(Task prompt)
A word-for-word copy of the listing is required, and it must contain no pictures.

(Task material)
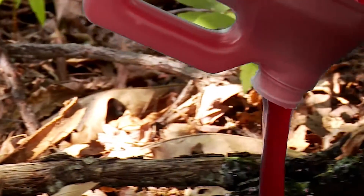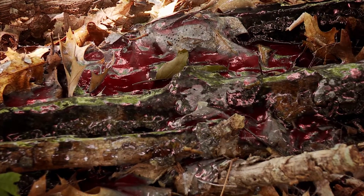Pour it out in a bait site or an old stump and let the bears follow their noses in to the raspberry jelly filled donuts. Moultrie, Bear Magnet Raspberry Jelly Filled Donut Liquid Bear Attractant.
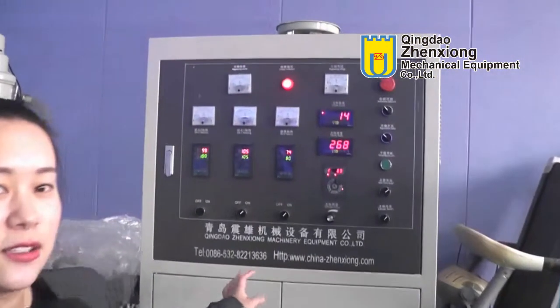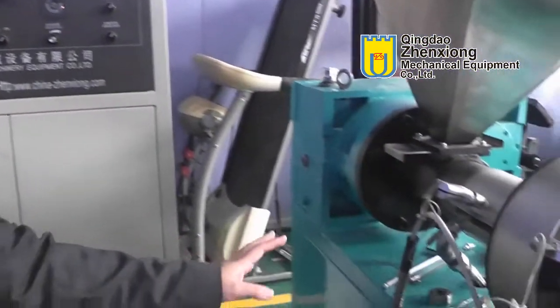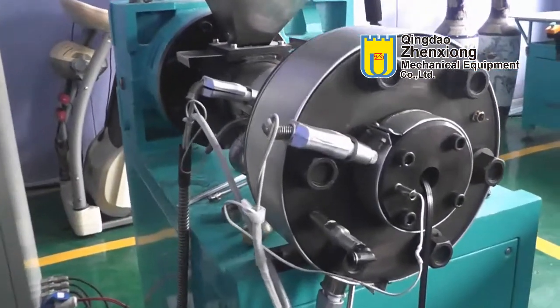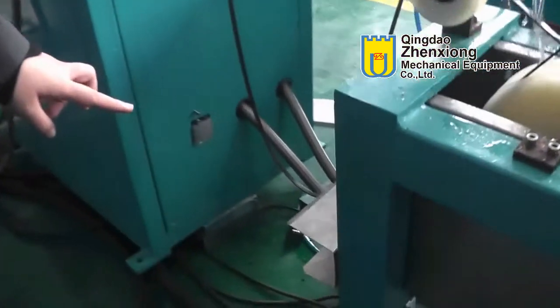This part is an electrical box. This is a 60 extruder. There is a magnetic strip extruding mold. And this is a limit switch.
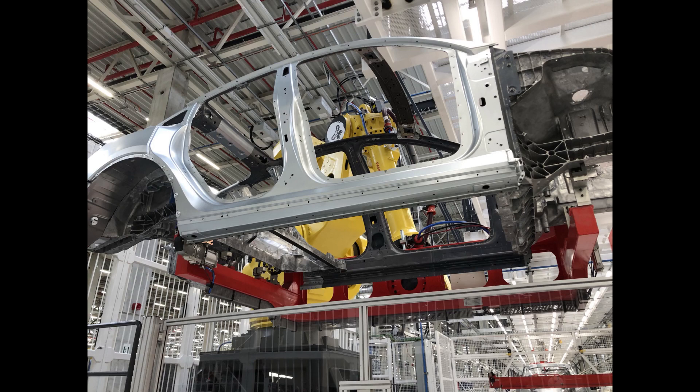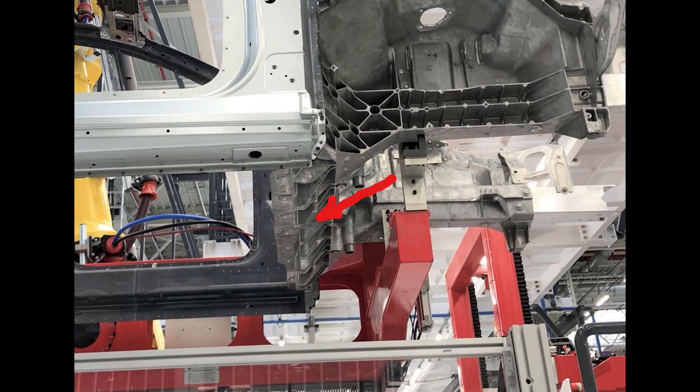In this frame, later on in the production process, the structural battery pack will be fitted and bolted in. Also interesting already at this station are the load introduction angles at the front casting of the Model Y.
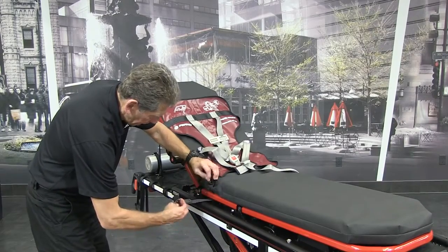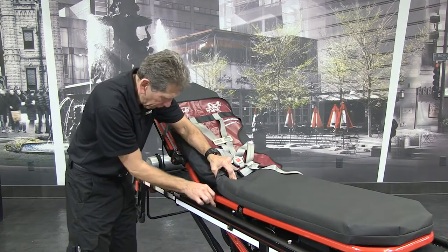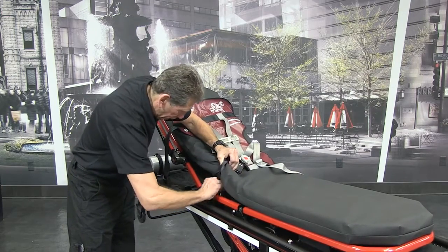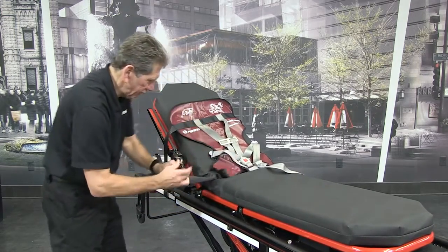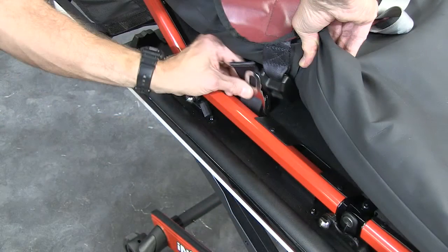To remove the PDMATE from the NX, detach it from the NX using the same strap buckle position when passing it through the slot of the patient surface of the NX — that is, with the tang male end upward and with the buckle housing facing the center of the NX.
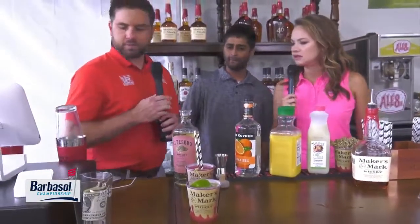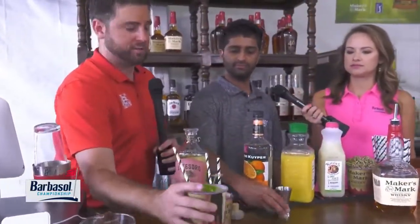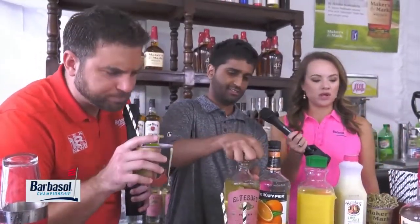Seth, you want to do the honors? Yeah, I think I will take a little sip of that. Give me a little straw out here, let's test his work — which, by the way, is biodegradable. I like the fact that y'all are going that way. Paper straws. Delish. Of course it is.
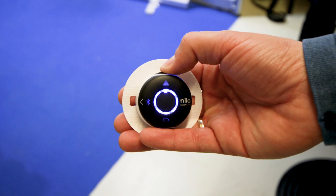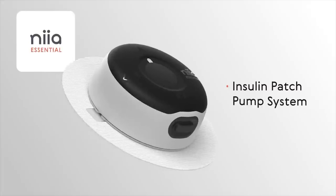Hey, I'm Justin. Welcome to Diabet Tech. I am checking out one of the coolest new pieces of tech in the diabetes field. This is a tubeless insulin pump that is semi-reusable. This is the Nia Essential.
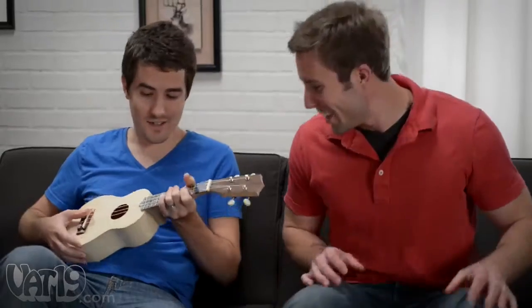Hey man. Nice ukulele. Thanks. Yeah, I built it myself. Actually, in Hawaii, it's pronounced ukulele. You don't have to say mahalo. That one's free.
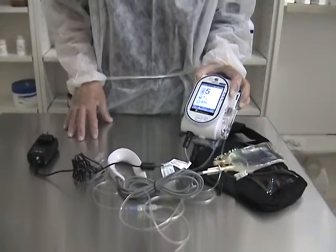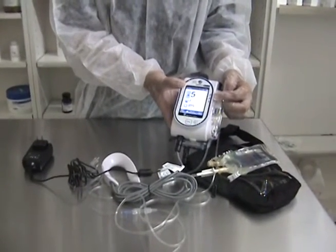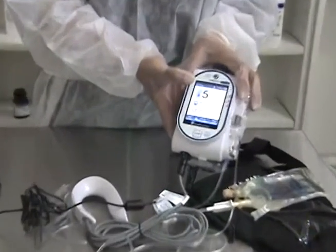Then this end of the power cord will be plugged into a wall outlet. When the battery is charging, you will see the charge light illuminating, indicating that it is being charged. When it's a solid light, it is fully charged.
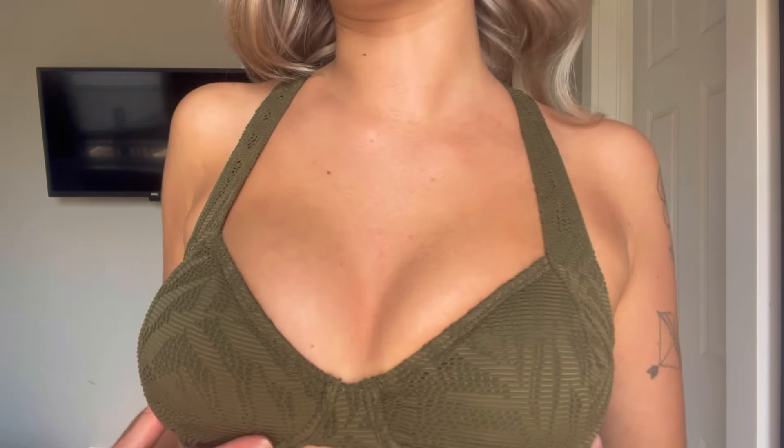Moving on to the next one — this one is the same size but I feel like it fits quite a lot smaller. It's way tighter than the other one, especially on the bottom. This is just a crochet material. It has adjustable straps in the back. I do really like the color of this one, though it is definitely a bit cheekier. I haven't actually gone swimming in this one, but I feel like this is just a really good basic to have in your collection.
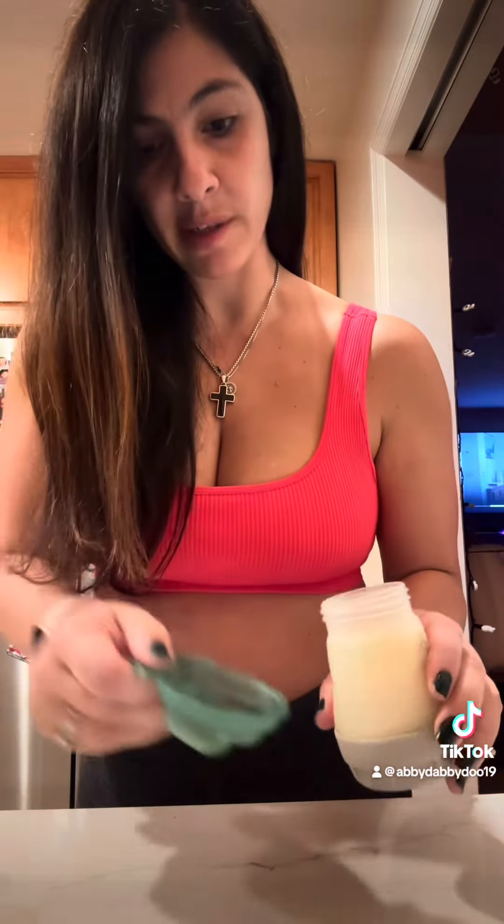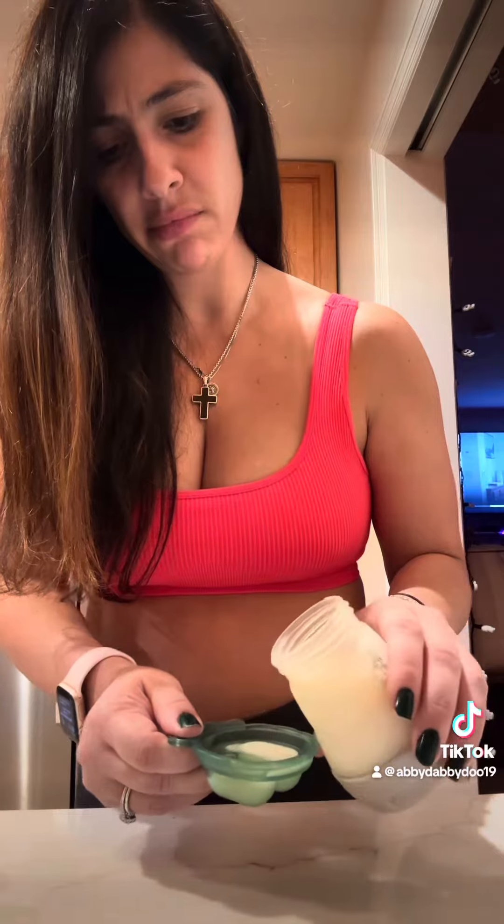I already have cold breast milk, and I'm just going to pour it into these molds. Please don't spill. And I guess you just cover it.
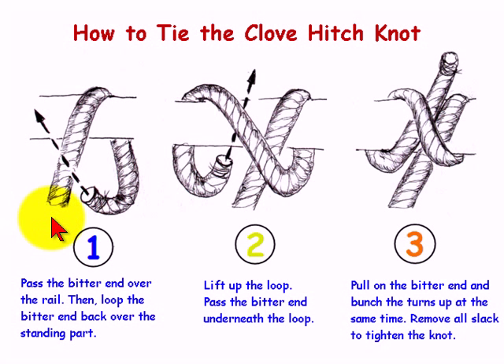In illustration number one, we start by passing the bitter end over the rail, then loop the bitter end back over the standing part to form a loop.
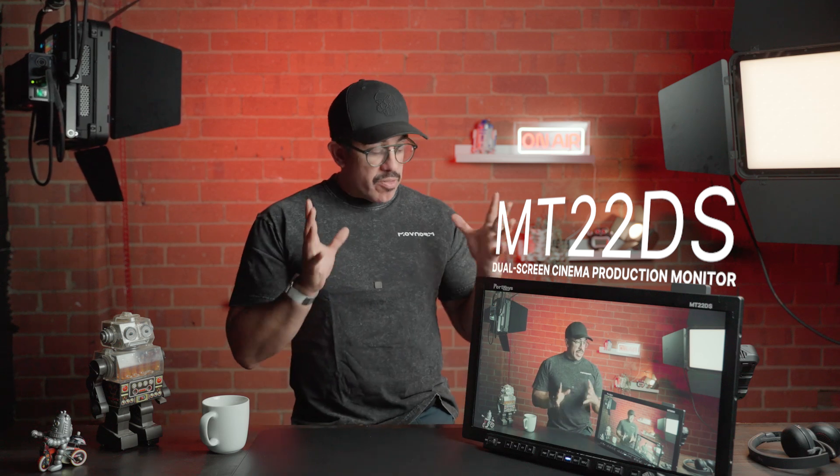Hey everybody, Quinton here talking to you today about the Portkeys MT-22DS, which stands for dual screen and it's a cinema production monitor. What we have is a full aluminum 1080 8-bit monitor that just comes with a slew of functionality and extras for your on-set monitoring.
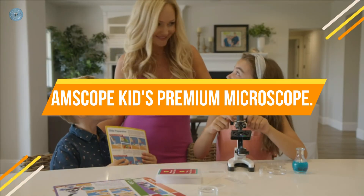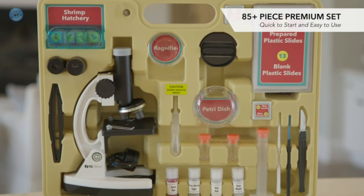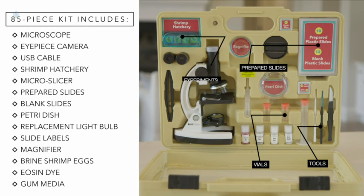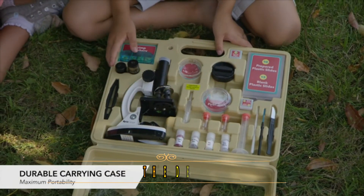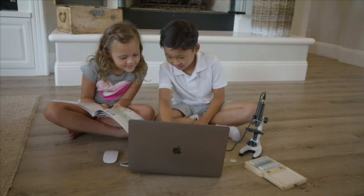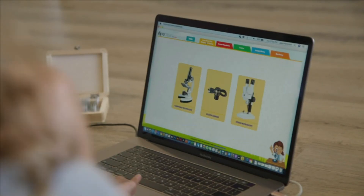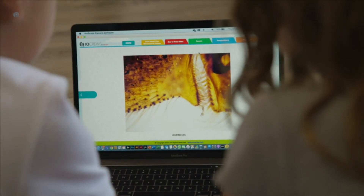Number 1: Amscope Kids Premium Microscope. All-metal high-quality microscope with precision focus optics, magnifications ranging from 120x up to 1200x, easy focus system, two light sources, a built-in color filter wheel, and much more. Premium at-home or in-school lab with over 85 accessories and a newly designed ABS carrying case. This premium kit includes a color digital USB 2.0 eyepiece camera that allows your child to easily connect to a computer and download or edit pictures of specimens directly from the microscope. Save images or videos of any specimen being examined for school projects, to send to relatives or friends, or to compare to professional samples.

(Answer section)
Pour it out in a bait site or an old stump and let the bears follow their noses in to the raspberry jelly filled donuts. Moultrie, Bear Magnet Raspberry Jelly Filled Donut Liquid Bear Attractant.
This part is an electrical box. This is a 60 extruder. There is a magnetic strip extruding mold. And this is a limit switch.
In this frame, later on in the production process, the structural battery pack will be fitted and bolted in. Also interesting already at this station are the load introduction angles at the front casting of the Model Y.
To remove the PDMATE from the NX, detach it from the NX using the same strap buckle position when passing it through the slot of the patient surface of the NX — that is, with the tang male end upward and with the buckle housing facing the center of the NX.
Seth, you want to do the honors? Yeah, I think I will take a little sip of that. Give me a little straw out here, let's test his work — which, by the way, is biodegradable. I like the fact that y'all are going that way. Paper straws. Delish. Of course it is.
Hey, I'm Justin. Welcome to Diabet Tech. I am checking out one of the coolest new pieces of tech in the diabetes field. This is a tubeless insulin pump that is semi-reusable. This is the Nia Essential.
Hey man. Nice ukulele. Thanks. Yeah, I built it myself. Actually, in Hawaii, it's pronounced ukulele. You don't have to say mahalo. That one's free.
Then this end of the power cord will be plugged into a wall outlet. When the battery is charging, you will see the charge light illuminating, indicating that it is being charged. When it's a solid light, it is fully charged.
Moving on to the next one — this one is the same size but I feel like it fits quite a lot smaller. It's way tighter than the other one, especially on the bottom. This is just a crochet material. It has adjustable straps in the back. I do really like the color of this one, though it is definitely a bit cheekier. I haven't actually gone swimming in this one, but I feel like this is just a really good basic to have in your collection.
I already have cold breast milk, and I'm just going to pour it into these molds. Please don't spill. And I guess you just cover it.
In illustration number one, we start by passing the bitter end over the rail, then loop the bitter end back over the standing part to form a loop.
Hey everybody, Quinton here talking to you today about the Portkeys MT-22DS, which stands for dual screen and it's a cinema production monitor. What we have is a full aluminum 1080 8-bit monitor that just comes with a slew of functionality and extras for your on-set monitoring.
Number 1: Amscope Kids Premium Microscope. All-metal high-quality microscope with precision focus optics, magnifications ranging from 120x up to 1200x, easy focus system, two light sources, a built-in color filter wheel, and much more. Premium at-home or in-school lab with over 85 accessories and a newly designed ABS carrying case. This premium kit includes a color digital USB 2.0 eyepiece camera that allows your child to easily connect to a computer and download or edit pictures of specimens directly from the microscope. Save images or videos of any specimen being examined for school projects, to send to relatives or friends, or to compare to professional samples.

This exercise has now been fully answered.